Ben McGreavy had been a very smart man. Cass cradled a secret pride for the way he always seemed to have the right answer to every question. That whip-speed intellect once landed him a spot on Jeopardy!, and his winnings had gotten as high as $22,400 after the first round. But before the next round he’d had a few belts of Seagram’s scotch on his way to the set—just four or five, far less than a normal evening’s intake—hoping it would soothe his nerves. The stakes were high. Depending on how long he could hang in there, he had hoped to pay off some debts.
Not the one to his brother, Scott. Cass knew Ben had stopped keeping track of that years before. He’d probably stopped even thinking about it, except when Scotty would get mad about something else and invariably add, And what about all the money you owe me, huh? What about that?
Ben would shame Scotty by pulling out his wallet and tossing his last few dollars on the floor. Or just by looking at him, a look that said, You might be a big man somewhere in the world, but calling in a debt on your own brother, who hasn’t had your luck—that’s cold, even for you.

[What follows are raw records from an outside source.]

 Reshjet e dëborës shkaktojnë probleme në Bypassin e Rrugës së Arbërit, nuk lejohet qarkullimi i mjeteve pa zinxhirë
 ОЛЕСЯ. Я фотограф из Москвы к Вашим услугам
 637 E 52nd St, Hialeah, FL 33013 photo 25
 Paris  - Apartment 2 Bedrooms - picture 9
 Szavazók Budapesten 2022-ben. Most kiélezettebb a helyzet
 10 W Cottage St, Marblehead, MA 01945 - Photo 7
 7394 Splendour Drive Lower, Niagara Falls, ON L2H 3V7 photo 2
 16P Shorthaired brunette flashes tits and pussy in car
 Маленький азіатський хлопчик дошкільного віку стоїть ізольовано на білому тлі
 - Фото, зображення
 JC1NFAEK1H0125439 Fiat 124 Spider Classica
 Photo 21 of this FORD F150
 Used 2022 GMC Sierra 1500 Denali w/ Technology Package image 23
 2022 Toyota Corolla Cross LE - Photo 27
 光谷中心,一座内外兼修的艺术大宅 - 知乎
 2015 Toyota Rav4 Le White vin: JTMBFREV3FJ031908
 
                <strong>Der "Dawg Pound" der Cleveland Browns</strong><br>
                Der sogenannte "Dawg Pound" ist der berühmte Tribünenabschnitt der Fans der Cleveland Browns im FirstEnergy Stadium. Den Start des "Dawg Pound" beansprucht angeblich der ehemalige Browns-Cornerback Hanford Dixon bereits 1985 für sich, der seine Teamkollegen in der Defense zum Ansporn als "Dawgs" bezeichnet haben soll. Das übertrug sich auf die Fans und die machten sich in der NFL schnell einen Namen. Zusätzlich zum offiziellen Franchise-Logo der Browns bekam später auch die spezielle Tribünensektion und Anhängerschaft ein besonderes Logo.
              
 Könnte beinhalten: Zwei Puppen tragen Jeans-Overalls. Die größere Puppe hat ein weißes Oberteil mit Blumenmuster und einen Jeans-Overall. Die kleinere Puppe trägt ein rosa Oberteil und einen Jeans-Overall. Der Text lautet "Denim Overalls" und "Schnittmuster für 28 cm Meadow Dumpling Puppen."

Cass had seen variations of this interaction countless times in the eleven years she’d been with Ben, since she was eighteen. She hated that they often didn’t have enough to live on—hated even more that it was their own fault. She’d been raised to work hard and follow the rules, and there had been precious little of that in the last few years. “We have to stop,” she’d say. “We have to get jobs and stand on our own feet!” And Ben would agree. Till the job bored him, which was always. Till the whisper of alcohol in her brain surged to a voracious roar and she was plummeting toward a roiling ocean of pain and the only thing left to do was pull the ripcord on sobriety and let booze be her parachute, floating, drifting down, down, down into the glassy warm waters of oblivion. Drowning either way.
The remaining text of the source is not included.